The answer is the set of lines that include "Multiple", copied from the data below.

++++++

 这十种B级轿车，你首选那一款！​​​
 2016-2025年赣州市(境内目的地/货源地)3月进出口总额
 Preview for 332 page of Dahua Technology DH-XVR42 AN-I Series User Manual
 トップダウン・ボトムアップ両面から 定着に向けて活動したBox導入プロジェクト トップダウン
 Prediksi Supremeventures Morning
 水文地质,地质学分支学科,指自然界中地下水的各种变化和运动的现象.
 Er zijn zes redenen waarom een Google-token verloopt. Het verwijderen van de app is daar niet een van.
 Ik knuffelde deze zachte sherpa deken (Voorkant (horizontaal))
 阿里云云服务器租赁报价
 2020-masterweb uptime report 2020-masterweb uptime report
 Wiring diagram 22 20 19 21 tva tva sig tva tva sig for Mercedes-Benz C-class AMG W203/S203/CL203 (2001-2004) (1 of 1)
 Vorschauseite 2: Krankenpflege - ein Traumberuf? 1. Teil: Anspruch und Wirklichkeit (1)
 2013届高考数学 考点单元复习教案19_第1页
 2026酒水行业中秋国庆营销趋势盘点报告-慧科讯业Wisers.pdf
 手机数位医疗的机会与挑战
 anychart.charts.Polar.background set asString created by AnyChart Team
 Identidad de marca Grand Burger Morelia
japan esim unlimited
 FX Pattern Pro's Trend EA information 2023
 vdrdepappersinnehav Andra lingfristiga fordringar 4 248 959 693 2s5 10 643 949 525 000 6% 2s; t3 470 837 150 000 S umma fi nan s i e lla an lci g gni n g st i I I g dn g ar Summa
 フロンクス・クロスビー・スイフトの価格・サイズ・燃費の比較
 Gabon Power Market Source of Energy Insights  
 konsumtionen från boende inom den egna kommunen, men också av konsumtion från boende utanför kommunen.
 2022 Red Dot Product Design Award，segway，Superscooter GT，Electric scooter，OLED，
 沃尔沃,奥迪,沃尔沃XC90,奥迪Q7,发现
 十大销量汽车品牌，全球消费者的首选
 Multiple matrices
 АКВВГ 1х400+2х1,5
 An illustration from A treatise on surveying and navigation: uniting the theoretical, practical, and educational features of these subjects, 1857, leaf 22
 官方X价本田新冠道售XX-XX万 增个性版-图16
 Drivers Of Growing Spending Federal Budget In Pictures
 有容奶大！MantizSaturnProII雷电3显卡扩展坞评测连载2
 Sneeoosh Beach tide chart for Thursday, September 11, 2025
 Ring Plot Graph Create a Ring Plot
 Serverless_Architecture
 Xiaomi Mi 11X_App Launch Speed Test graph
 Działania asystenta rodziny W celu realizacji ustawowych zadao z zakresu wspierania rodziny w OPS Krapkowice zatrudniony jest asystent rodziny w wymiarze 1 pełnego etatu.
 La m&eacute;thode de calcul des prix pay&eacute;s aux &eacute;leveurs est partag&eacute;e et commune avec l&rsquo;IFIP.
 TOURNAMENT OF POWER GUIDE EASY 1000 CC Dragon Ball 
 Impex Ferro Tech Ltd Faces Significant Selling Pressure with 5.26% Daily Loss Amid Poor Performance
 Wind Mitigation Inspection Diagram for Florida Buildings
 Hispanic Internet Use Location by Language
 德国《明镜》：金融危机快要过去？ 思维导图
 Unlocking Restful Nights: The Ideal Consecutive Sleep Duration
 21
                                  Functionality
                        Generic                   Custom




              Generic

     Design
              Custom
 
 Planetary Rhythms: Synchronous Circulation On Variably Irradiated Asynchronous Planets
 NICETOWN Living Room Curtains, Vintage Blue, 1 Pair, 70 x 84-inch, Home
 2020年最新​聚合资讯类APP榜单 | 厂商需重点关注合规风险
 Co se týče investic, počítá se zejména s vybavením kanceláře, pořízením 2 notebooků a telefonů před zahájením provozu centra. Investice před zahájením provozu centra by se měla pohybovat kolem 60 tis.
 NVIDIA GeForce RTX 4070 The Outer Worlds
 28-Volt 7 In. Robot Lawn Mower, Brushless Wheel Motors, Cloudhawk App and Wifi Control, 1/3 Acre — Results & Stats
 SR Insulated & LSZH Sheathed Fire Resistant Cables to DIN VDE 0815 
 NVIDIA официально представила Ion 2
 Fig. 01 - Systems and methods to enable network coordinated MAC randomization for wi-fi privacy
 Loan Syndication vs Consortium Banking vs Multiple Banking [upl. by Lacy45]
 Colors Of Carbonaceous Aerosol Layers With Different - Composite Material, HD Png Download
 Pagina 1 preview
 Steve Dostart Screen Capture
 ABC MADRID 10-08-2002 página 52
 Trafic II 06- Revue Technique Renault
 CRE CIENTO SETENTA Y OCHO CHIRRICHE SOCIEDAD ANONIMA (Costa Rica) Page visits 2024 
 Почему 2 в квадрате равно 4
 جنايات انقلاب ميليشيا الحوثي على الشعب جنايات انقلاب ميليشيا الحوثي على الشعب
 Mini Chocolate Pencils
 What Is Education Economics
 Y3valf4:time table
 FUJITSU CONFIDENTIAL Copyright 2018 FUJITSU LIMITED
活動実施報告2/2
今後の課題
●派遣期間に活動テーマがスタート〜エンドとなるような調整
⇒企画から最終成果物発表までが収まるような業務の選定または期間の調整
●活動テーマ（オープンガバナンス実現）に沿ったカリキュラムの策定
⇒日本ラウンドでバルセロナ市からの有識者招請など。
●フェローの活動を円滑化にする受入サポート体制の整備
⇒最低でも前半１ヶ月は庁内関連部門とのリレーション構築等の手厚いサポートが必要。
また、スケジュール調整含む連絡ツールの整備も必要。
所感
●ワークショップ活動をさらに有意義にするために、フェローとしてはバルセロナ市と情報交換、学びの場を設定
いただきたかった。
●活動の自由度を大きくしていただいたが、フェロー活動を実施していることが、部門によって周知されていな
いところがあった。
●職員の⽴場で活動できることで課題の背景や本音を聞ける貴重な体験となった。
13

++++++

**RESPONSE BOX**
 Multiple matrices
 Loan Syndication vs Consortium Banking vs Multiple Banking [upl. by Lacy45]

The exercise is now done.